*** Opening Records for this task ***

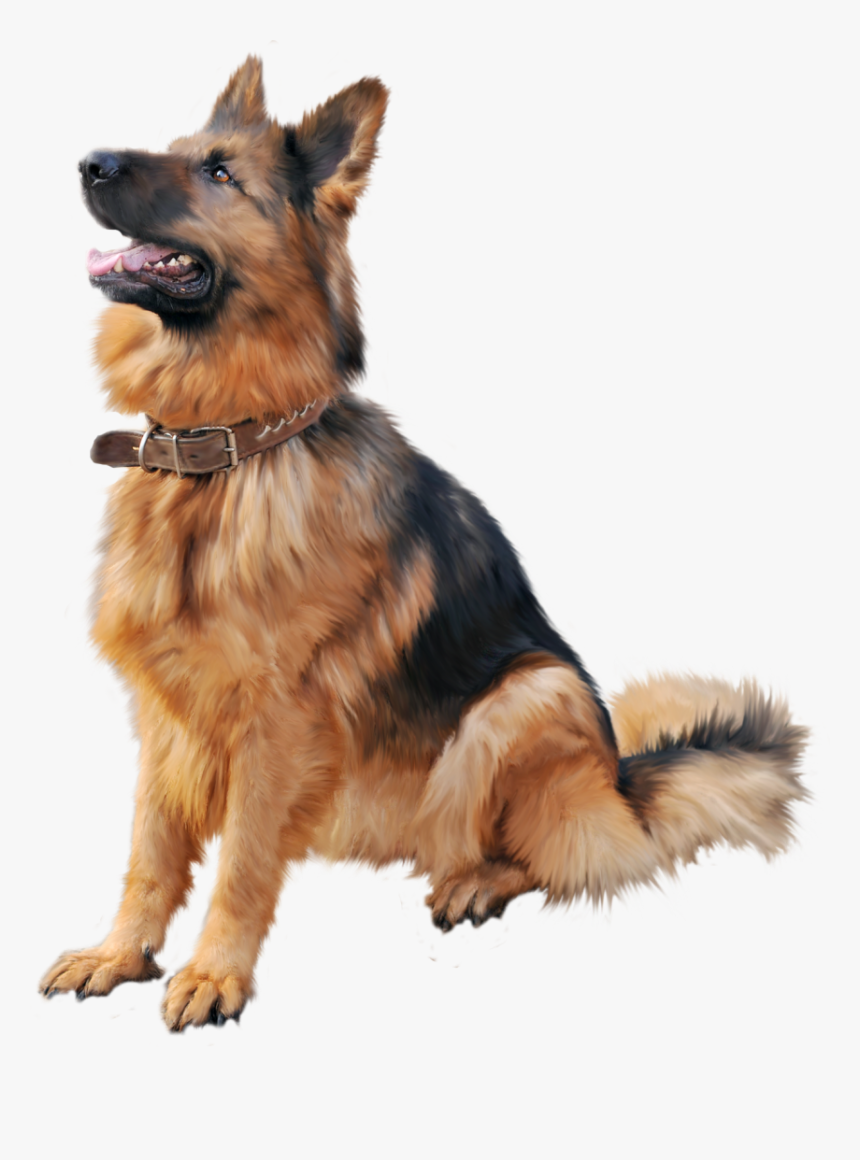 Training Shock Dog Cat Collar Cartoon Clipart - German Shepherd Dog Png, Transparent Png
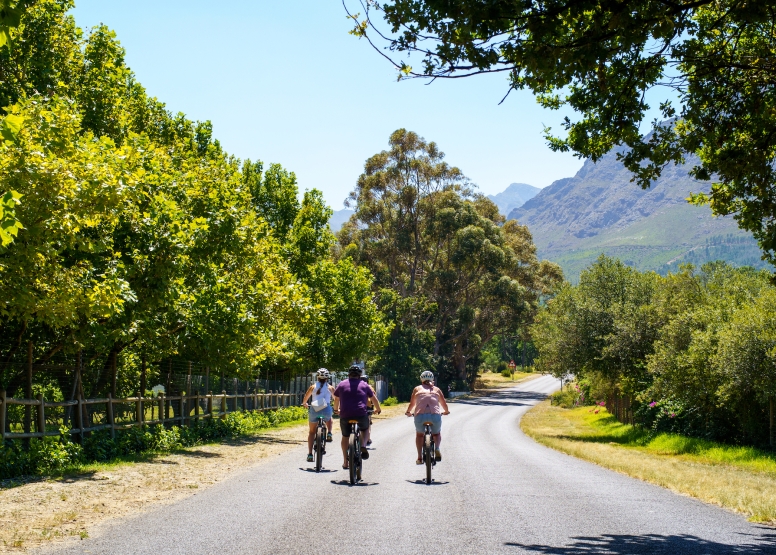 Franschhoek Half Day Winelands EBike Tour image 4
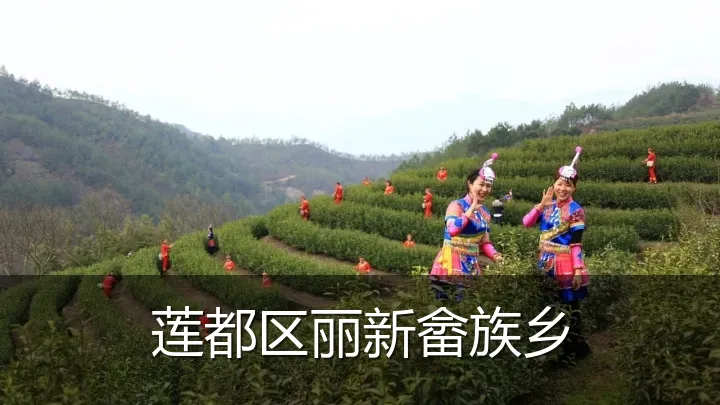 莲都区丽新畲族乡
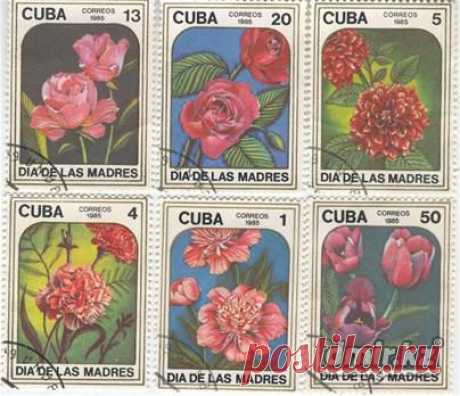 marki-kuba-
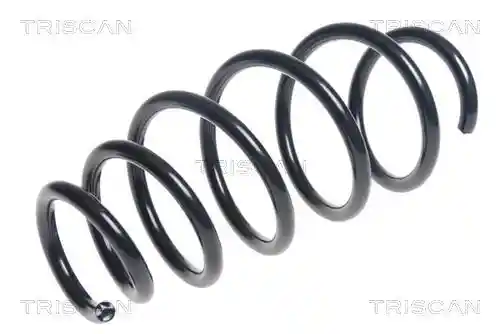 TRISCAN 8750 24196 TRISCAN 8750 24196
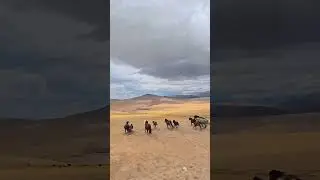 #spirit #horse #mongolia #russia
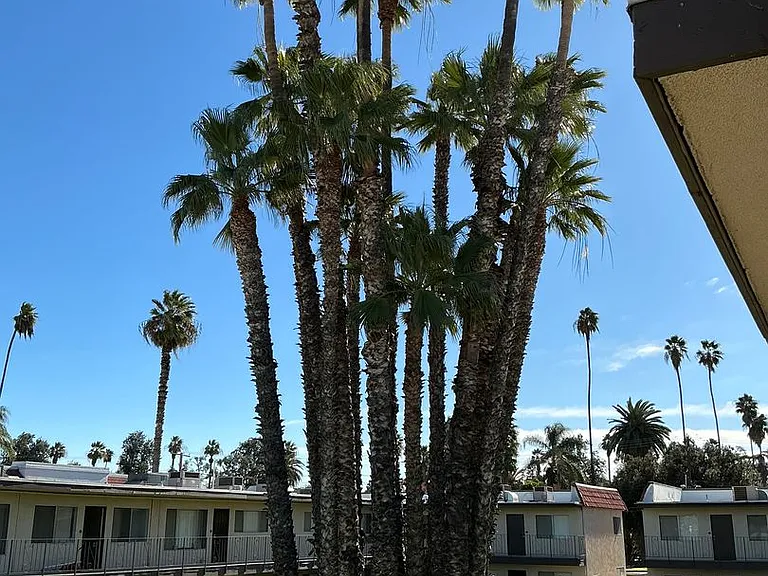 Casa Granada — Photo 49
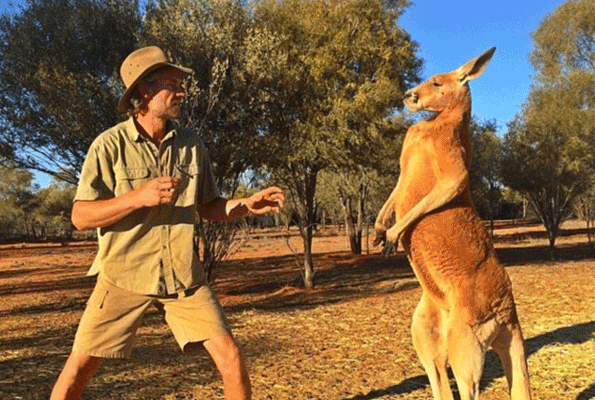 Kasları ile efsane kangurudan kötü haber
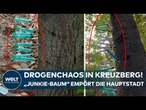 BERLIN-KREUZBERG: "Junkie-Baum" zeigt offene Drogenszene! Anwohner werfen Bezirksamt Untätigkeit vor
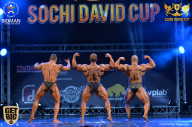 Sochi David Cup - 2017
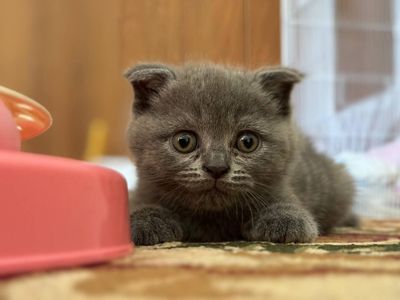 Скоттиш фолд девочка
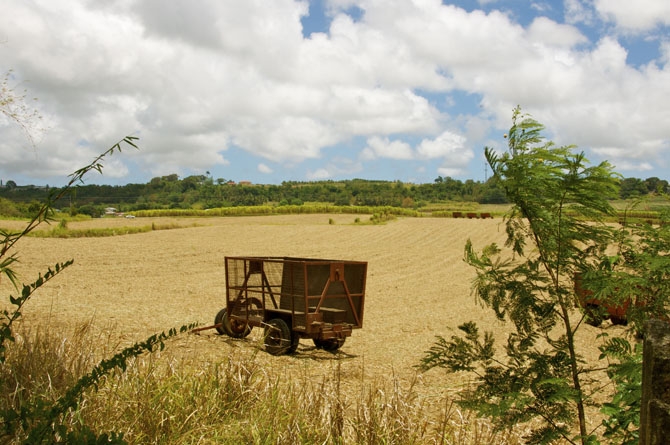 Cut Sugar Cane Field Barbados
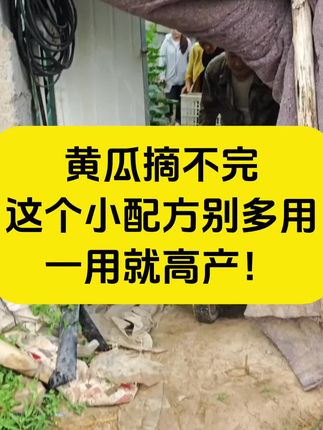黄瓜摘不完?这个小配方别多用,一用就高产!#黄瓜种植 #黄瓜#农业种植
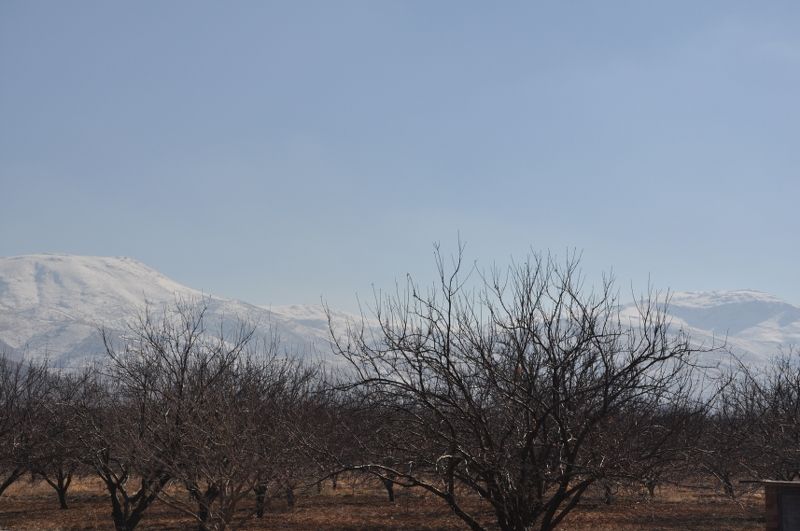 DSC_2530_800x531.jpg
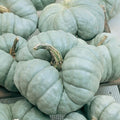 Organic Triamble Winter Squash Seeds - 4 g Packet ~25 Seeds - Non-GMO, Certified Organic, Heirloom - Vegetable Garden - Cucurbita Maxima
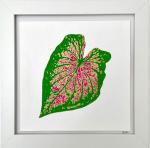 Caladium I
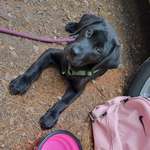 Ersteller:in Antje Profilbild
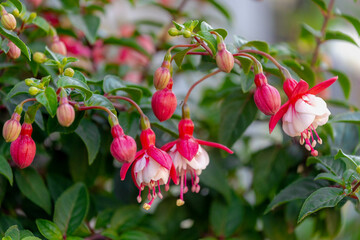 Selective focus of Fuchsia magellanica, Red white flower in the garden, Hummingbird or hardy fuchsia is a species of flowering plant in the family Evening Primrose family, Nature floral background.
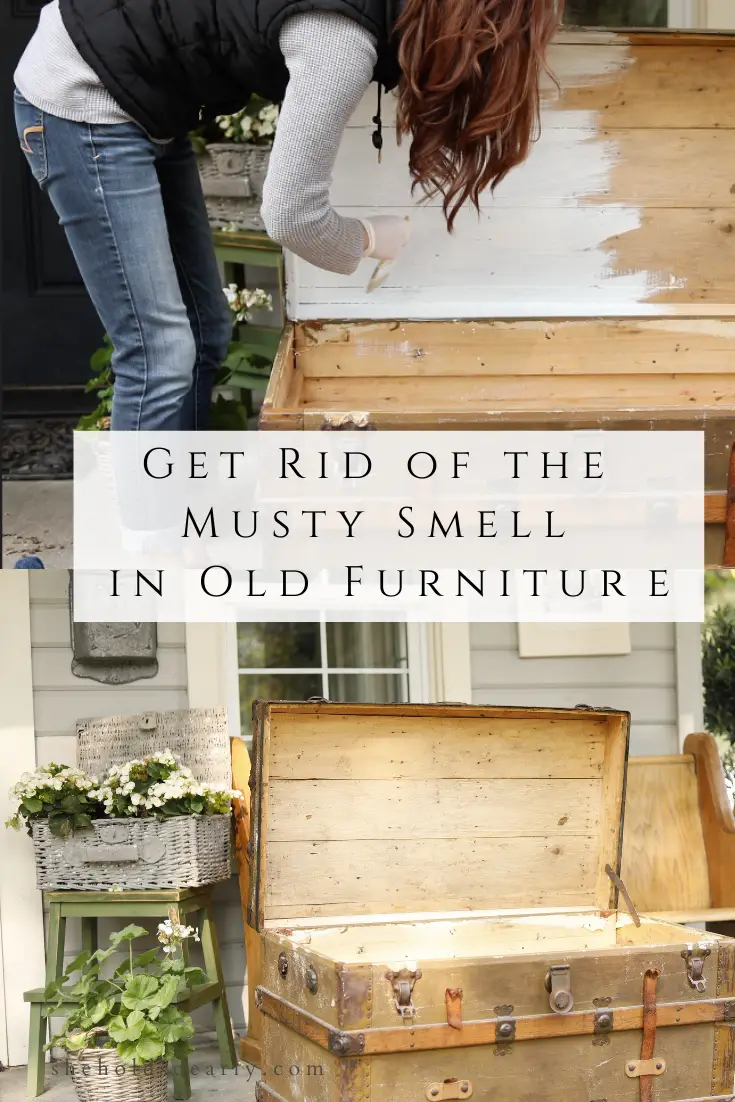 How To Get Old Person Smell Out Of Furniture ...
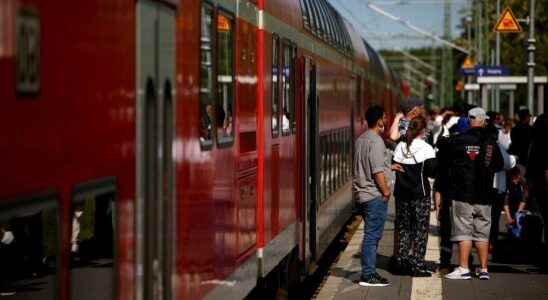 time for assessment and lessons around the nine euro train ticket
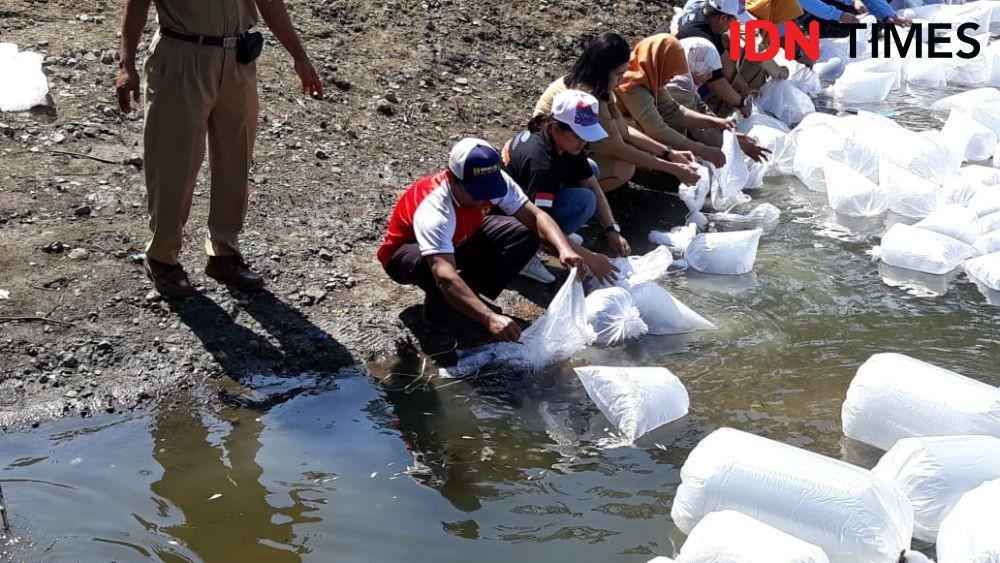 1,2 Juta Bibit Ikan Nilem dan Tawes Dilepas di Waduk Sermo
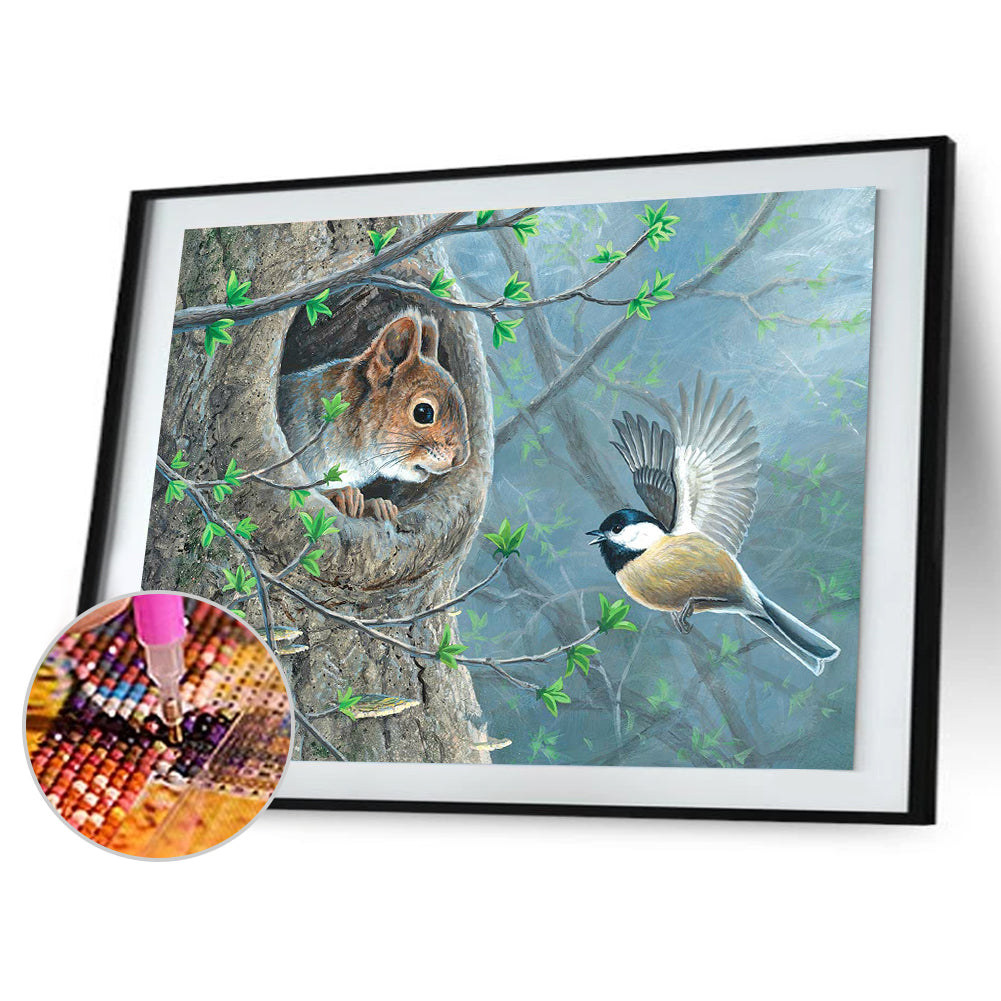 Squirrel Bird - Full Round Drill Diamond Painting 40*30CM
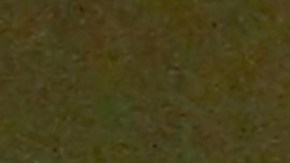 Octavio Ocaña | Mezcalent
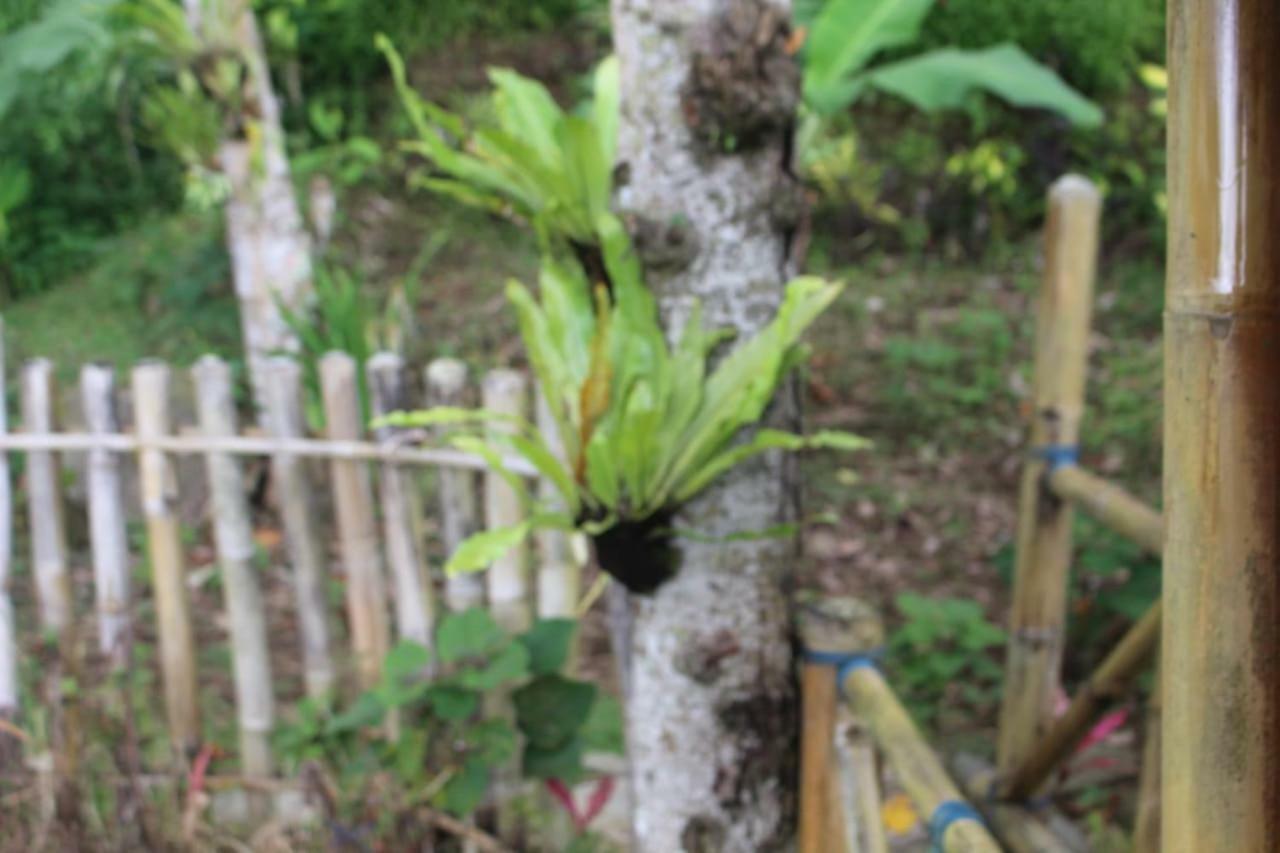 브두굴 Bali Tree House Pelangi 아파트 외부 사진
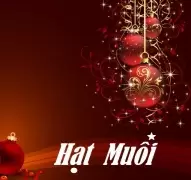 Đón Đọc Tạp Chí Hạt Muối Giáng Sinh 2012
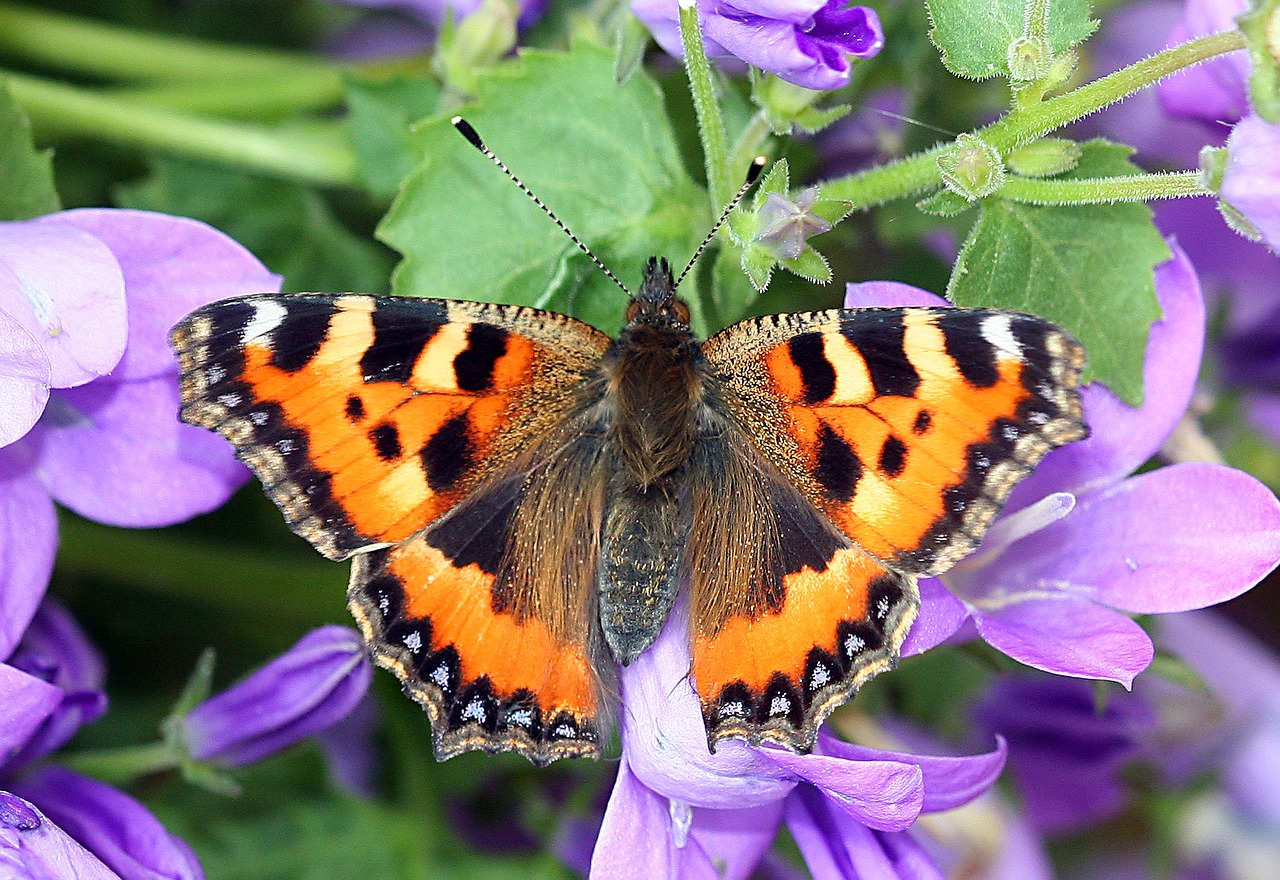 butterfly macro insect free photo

*** Closing Records for this task ***

- [Task goal]:
Return each entry exactly as given. Leave the images out.

- [Solution to the problem]:
 Training Shock Dog Cat Collar Cartoon Clipart - German Shepherd Dog Png, Transparent Png
 Franschhoek Half Day Winelands EBike Tour image 4
 莲都区丽新畲族乡
 marki-kuba-
 TRISCAN 8750 24196 TRISCAN 8750 24196
 #spirit #horse #mongolia #russia
 Casa Granada — Photo 49
 Kasları ile efsane kangurudan kötü haber
 BERLIN-KREUZBERG: "Junkie-Baum" zeigt offene Drogenszene! Anwohner werfen Bezirksamt Untätigkeit vor
 Sochi David Cup - 2017
 Скоттиш фолд девочка
 Cut Sugar Cane Field Barbados
黄瓜摘不完?这个小配方别多用,一用就高产!#黄瓜种植 #黄瓜#农业种植
 DSC_2530_800x531.jpg
 Organic Triamble Winter Squash Seeds - 4 g Packet ~25 Seeds - Non-GMO, Certified Organic, Heirloom - Vegetable Garden - Cucurbita Maxima
 Caladium I
 Ersteller:in Antje Profilbild
 Selective focus of Fuchsia magellanica, Red white flower in the garden, Hummingbird or hardy fuchsia is a species of flowering plant in the family Evening Primrose family, Nature floral background.
 How To Get Old Person Smell Out Of Furniture ...
 time for assessment and lessons around the nine euro train ticket
 1,2 Juta Bibit Ikan Nilem dan Tawes Dilepas di Waduk Sermo
 Squirrel Bird - Full Round Drill Diamond Painting 40*30CM
 Octavio Ocaña | Mezcalent
 브두굴 Bali Tree House Pelangi 아파트 외부 사진
 Đón Đọc Tạp Chí Hạt Muối Giáng Sinh 2012
 butterfly macro insect free photo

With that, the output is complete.